I am involuntary childless. An older, more cruel term is barren. At 67 the time when I could have become a mother is long past, had I not had an illness that denied me motherhood.
I have only held a baby twice in my life.
When I was a child I thought I would have many children. I picked out names. As one of six sisters I thought I would be like my mother.
When I was 16 I had a serious bladder infection. My parents weren’t big on getting medical care but they finally gave me the money for a doctor. Along with the antibiotics he also gave me another diagnosis— cysts on my ovary. Nothing more was said about it and there was no follow up.
A year later I got pregnant. I have written about the abortion and my regret. I didn’t know at the time it would be the only pregnancy I would ever experience. I was 17.
I suffered intense depression after but eventually pulled myself out. And I stopped any birth control at all. Every couple of months I would get excited at another false alarm. Until I gave up.
I thought that might be the magic bullet— giving up. But it was not.
Why? Because unbeknownst to me those cysts noted years before had come back and were slowly growing out of control.
When I was 25 I began to bleed uncontrollably. I ignored it but my sister Eve did not. She pushed me directly into an appointment with a gyn.
And two days later I was in the hospital for a right salpingo oophorectomy. That is the medical term. The common term is having your dreams pulled out and stomped on.
That was in July of 1982. By Christmas I was back in to get more cysts removed, along with the tube on the right side.
I thought to myself, at least I have the left side. I didn’t know about the scarring. I probably had PCOS. I’ll never know.
Another five years passed, during which time I got married, but not pregnant. In 1987 the bleeding was back. I woke up from the surgery in the maternity ward. Why, I will never know. I also woke up with no tubes or ovaries left. A few years later, in my late 30s, the hot flashes started and that was that.
Or was it?
I have told myself various things about these events. I have told myself that even if I had given birth at 17 there is no guarantee it would be happily ever after.
We can’t know what would have happened if a different path had been taken. Not for sure anyhow. I could have lost my child through accident or disease. They could have grown up to be an addict or criminal and caused me years of grief. There is no way to know.
That story was not very satisfying. My next story is that I may be a biological failure but I am an ecological success. The world needs fewer first world babies, who grow up to be first world consumers. I was just walking my talk. Good story.
Too bad it is bull. It may be technically true. But it was not intentional. It is just balm.
The last story is the best one.
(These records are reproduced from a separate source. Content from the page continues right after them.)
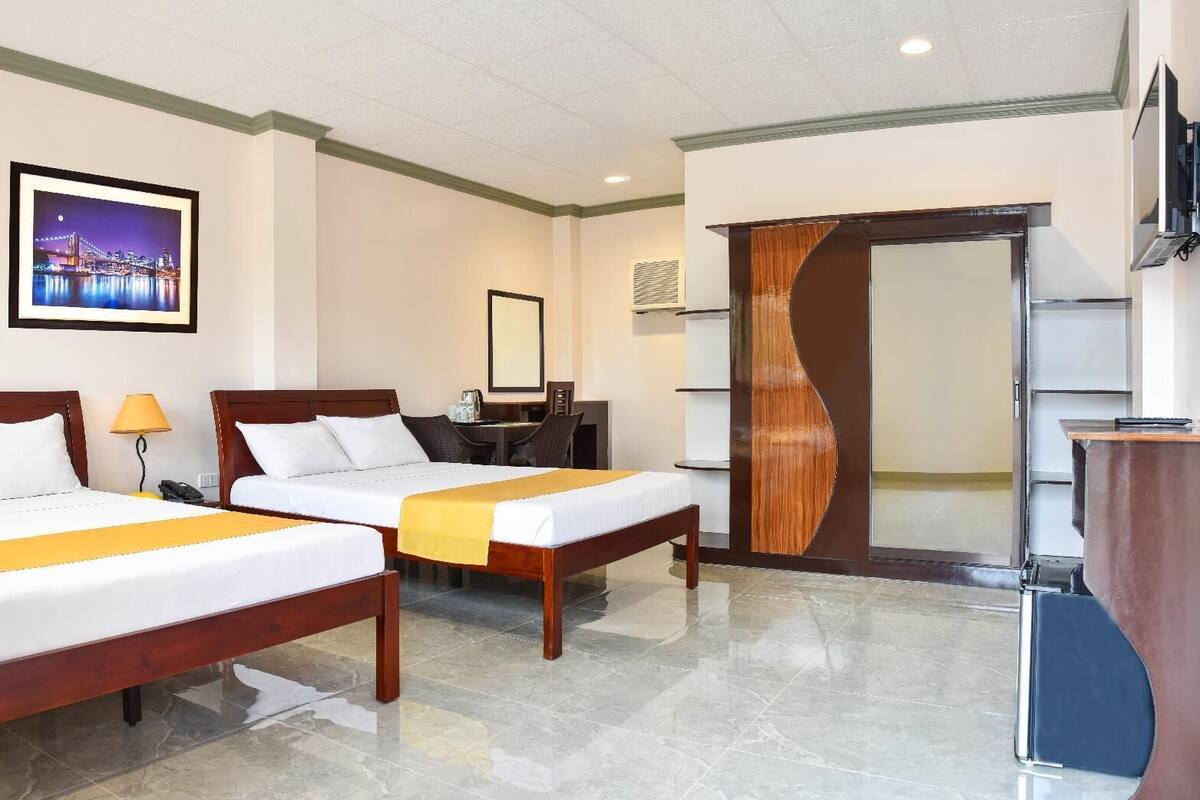A hotel room with two beds, a desk, a chair, a TV, and a framed picture on the wall.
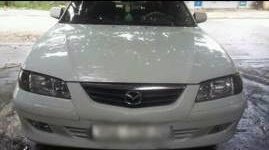 Mazda 626   2002 - Cần bán lại xe Mazda 626 đời 2002, màu trắng giá 169 triệu tại An Giang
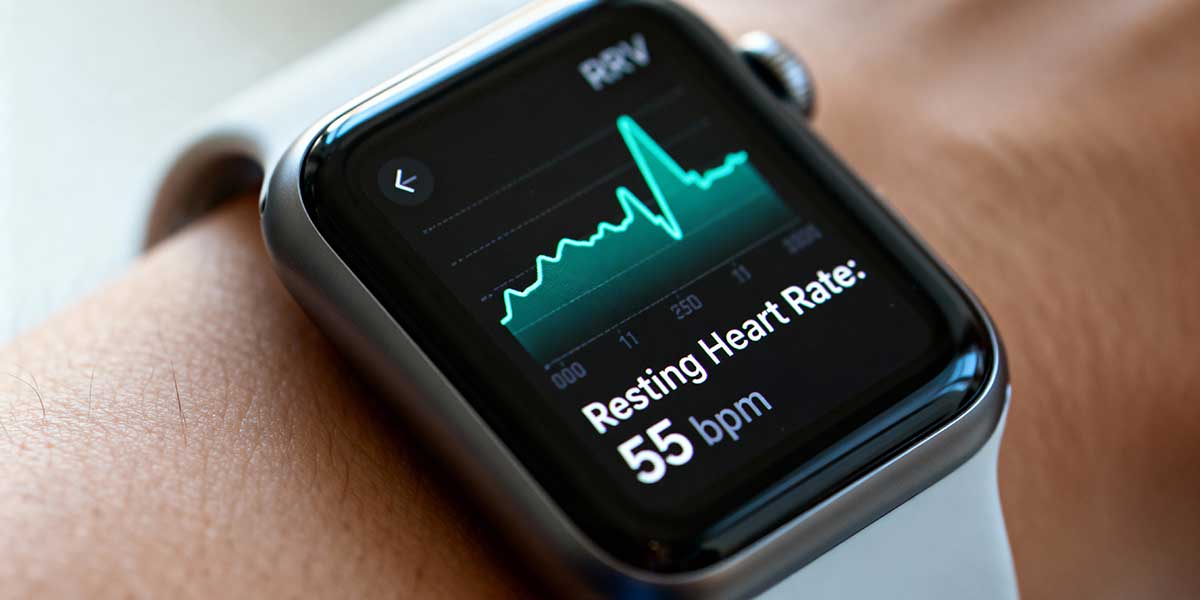 A close-up photograph of a smartwatch screen displaying heart rate variability data, highlighting the importance of tracking physiological metrics over physical appearance.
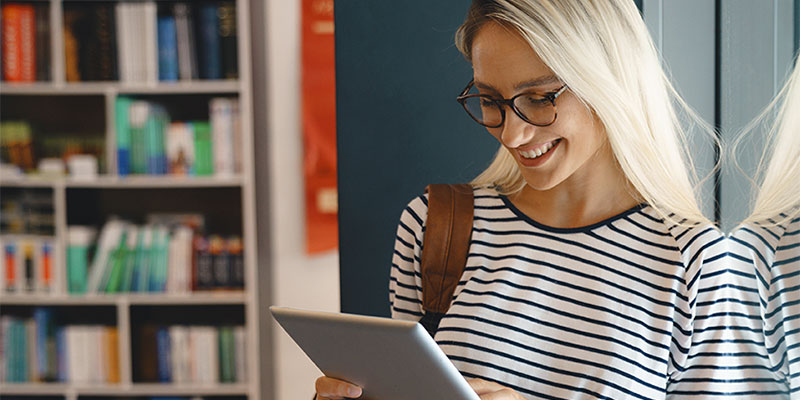 A smiling woman using a smart tablet.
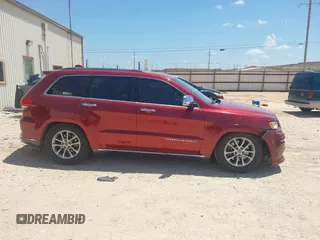 2014 Jeep Grand Cherokee Summit with VIN 1C4RJFJT1EC237358, listed as a IAAI auction lot 42602245 with 106,821 mi miles and . Bid and sale history available at DreamBid. Image 13.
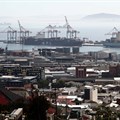 Container ships wait to load and offload goods in Cape Town, South Africa, April 17, 2020. REUTERS/Mike Hutchings/File Photo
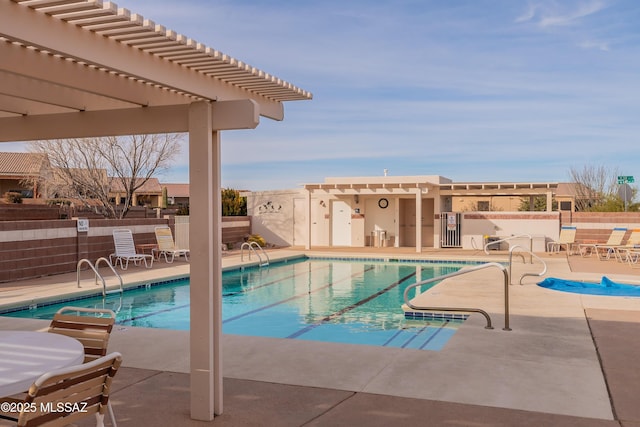 view of pool featuring a pergola and a patio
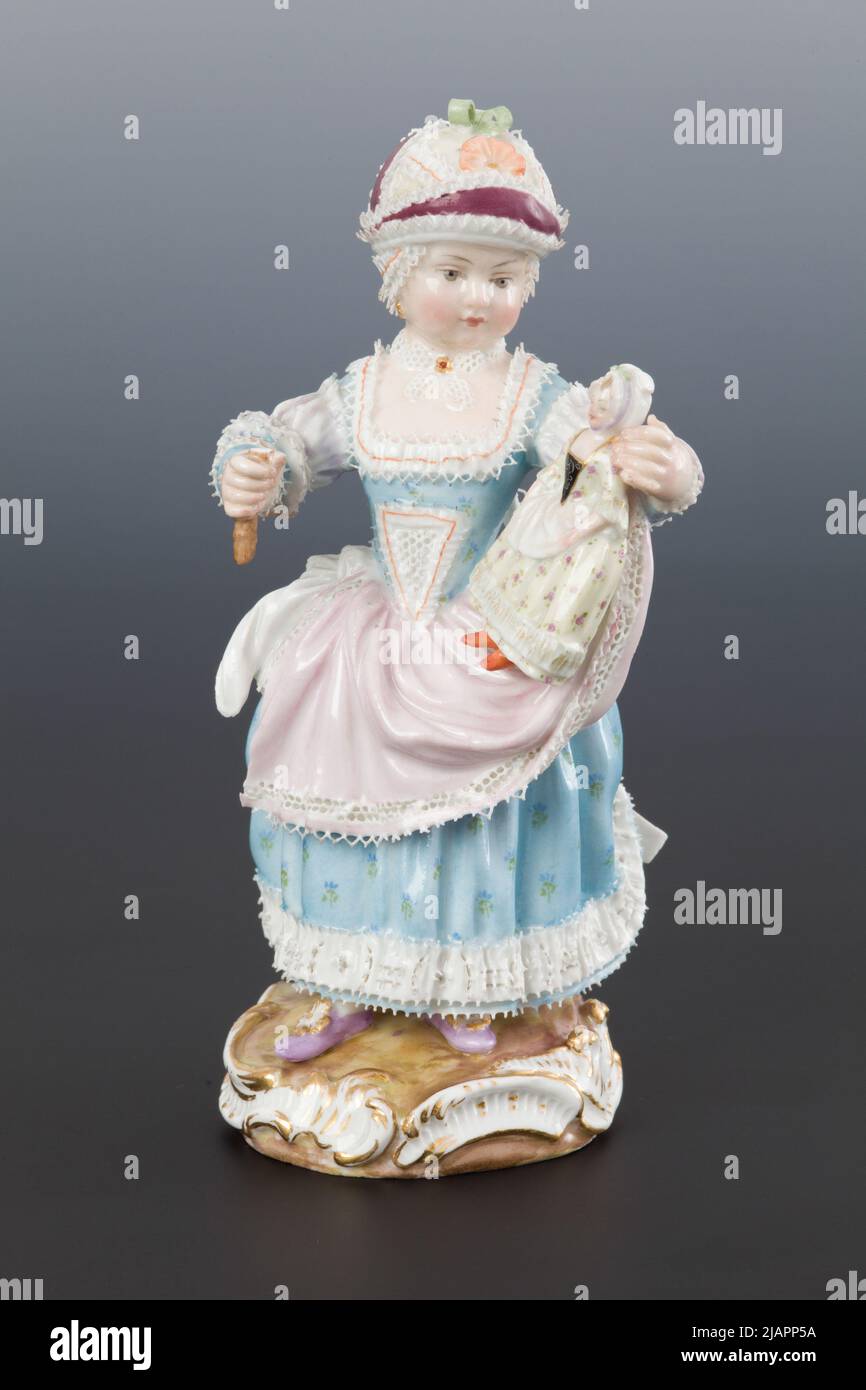 A girl with a doll Mi Nia (Meissen) Stock Photo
It doesn’t require any particular intention on my part and is true: because I have no personal offspring to absorb my attention and energy, I am free to fight for all children.
I can do more than just care about the welfare of children in general— I have the bandwidth to advocate for it.
The world’s children belong to us all. They are the future. Making sure there is a halfway decent planet for them is the sacred duty of each generation. And I am more free to push because I am not protecting individual children.
Thinking of the whole matter in that light helped. But it did not fill the hole that I never want to admit exists. In truth, nothing can fill it. Motherhood is one of those essential experiences that I will never have. Like all losses it has left scars in more places than the spots where my ovaries used to be.
I thought, from time to time, of adopting. But I aged out before single parent adoptions were readily available. I wanted to do the whole thing with a partner but it just never came together. And the years kept passing.
I have been haunted by dreams of a baby all my adult life. In the dream I lose the baby I am supposed to care for. I spend the whole dream searching and wake up tired. The dream is just a reflection of waking life where I have not lost a baby but the ability to have any baby.
And that lack has shaped my life in ways that go way beyond the bare facts. It changed everything.
I know that there are women who are childless by choice. And that is to be respected. But I am not one of them.
Thank you for sharing your story for your honesty and your integrity! 🙏🩷
Thank you for this. I'm deeply touched.